PROVIDED DATA:
....................

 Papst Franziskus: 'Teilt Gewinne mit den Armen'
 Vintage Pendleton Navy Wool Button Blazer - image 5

....................

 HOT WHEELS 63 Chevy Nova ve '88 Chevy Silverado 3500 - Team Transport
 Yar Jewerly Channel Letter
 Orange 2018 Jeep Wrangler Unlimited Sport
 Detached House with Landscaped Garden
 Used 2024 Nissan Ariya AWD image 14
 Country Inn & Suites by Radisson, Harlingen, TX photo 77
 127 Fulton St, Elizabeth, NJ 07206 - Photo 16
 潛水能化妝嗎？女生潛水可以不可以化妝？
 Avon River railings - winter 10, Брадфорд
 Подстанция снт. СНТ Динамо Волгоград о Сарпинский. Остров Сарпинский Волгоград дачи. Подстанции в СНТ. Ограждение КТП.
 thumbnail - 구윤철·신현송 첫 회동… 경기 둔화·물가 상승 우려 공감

....................

THE PROBLEM: Return exactly the lines above from the line that has "潛水能化妝嗎？女生潛水可以不可以化妝？" through the line that has "thumbnail - 구윤철·신현송 첫 회동… 경기 둔화·물가 상승 우려 공감", inclusive, and nothing else.

ANSWER SPACE:
 潛水能化妝嗎？女生潛水可以不可以化妝？
 Avon River railings - winter 10, Брадфорд
 Подстанция снт. СНТ Динамо Волгоград о Сарпинский. Остров Сарпинский Волгоград дачи. Подстанции в СНТ. Ограждение КТП.
 thumbnail - 구윤철·신현송 첫 회동… 경기 둔화·물가 상승 우려 공감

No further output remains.